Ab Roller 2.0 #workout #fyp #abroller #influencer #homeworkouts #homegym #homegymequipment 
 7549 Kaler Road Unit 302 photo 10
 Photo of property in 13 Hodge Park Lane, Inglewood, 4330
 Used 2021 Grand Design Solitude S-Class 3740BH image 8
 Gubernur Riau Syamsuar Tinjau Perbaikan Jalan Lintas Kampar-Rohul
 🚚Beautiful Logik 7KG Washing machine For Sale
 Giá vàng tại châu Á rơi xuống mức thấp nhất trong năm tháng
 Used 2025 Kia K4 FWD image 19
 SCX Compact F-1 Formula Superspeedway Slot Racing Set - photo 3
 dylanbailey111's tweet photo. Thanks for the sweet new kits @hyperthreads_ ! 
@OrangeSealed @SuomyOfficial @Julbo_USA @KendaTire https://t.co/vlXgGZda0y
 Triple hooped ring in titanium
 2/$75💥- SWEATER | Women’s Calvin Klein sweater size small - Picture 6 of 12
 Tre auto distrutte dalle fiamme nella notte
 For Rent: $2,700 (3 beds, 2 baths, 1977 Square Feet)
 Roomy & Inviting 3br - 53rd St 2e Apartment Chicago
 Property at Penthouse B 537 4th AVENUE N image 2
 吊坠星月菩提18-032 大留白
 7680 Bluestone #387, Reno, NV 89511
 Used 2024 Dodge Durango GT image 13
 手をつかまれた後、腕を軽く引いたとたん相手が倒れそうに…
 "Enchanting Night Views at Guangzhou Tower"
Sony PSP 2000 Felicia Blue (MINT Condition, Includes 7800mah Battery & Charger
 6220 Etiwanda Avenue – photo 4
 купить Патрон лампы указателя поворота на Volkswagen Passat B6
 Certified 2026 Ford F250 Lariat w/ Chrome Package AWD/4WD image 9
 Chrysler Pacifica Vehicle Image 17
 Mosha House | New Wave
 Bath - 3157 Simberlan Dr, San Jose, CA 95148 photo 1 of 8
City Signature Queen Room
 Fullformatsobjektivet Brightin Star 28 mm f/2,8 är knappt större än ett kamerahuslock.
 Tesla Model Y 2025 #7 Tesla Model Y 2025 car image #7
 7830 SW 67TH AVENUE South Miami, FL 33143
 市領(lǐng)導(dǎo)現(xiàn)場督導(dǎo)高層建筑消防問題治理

------------------------------------------------

# [WHAT TO WORK ON]
Each record must be restated word for word, including the last line.

# [RESPONSE FOR THIS EXERCISE]
Ab Roller 2.0 #workout #fyp #abroller #influencer #homeworkouts #homegym #homegymequipment 
 7549 Kaler Road Unit 302 photo 10
 Photo of property in 13 Hodge Park Lane, Inglewood, 4330
 Used 2021 Grand Design Solitude S-Class 3740BH image 8
 Gubernur Riau Syamsuar Tinjau Perbaikan Jalan Lintas Kampar-Rohul
 🚚Beautiful Logik 7KG Washing machine For Sale
 Giá vàng tại châu Á rơi xuống mức thấp nhất trong năm tháng
 Used 2025 Kia K4 FWD image 19
 SCX Compact F-1 Formula Superspeedway Slot Racing Set - photo 3
 dylanbailey111's tweet photo. Thanks for the sweet new kits @hyperthreads_ ! 
@OrangeSealed @SuomyOfficial @Julbo_USA @KendaTire https://t.co/vlXgGZda0y
 Triple hooped ring in titanium
 2/$75💥- SWEATER | Women’s Calvin Klein sweater size small - Picture 6 of 12
 Tre auto distrutte dalle fiamme nella notte
 For Rent: $2,700 (3 beds, 2 baths, 1977 Square Feet)
 Roomy & Inviting 3br - 53rd St 2e Apartment Chicago
 Property at Penthouse B 537 4th AVENUE N image 2
 吊坠星月菩提18-032 大留白
 7680 Bluestone #387, Reno, NV 89511
 Used 2024 Dodge Durango GT image 13
 手をつかまれた後、腕を軽く引いたとたん相手が倒れそうに…
 "Enchanting Night Views at Guangzhou Tower"
Sony PSP 2000 Felicia Blue (MINT Condition, Includes 7800mah Battery & Charger
 6220 Etiwanda Avenue – photo 4
 купить Патрон лампы указателя поворота на Volkswagen Passat B6
 Certified 2026 Ford F250 Lariat w/ Chrome Package AWD/4WD image 9
 Chrysler Pacifica Vehicle Image 17
 Mosha House | New Wave
 Bath - 3157 Simberlan Dr, San Jose, CA 95148 photo 1 of 8
City Signature Queen Room
 Fullformatsobjektivet Brightin Star 28 mm f/2,8 är knappt större än ett kamerahuslock.
 Tesla Model Y 2025 #7 Tesla Model Y 2025 car image #7
 7830 SW 67TH AVENUE South Miami, FL 33143
 市領(lǐng)導(dǎo)現(xiàn)場督導(dǎo)高層建筑消防問題治理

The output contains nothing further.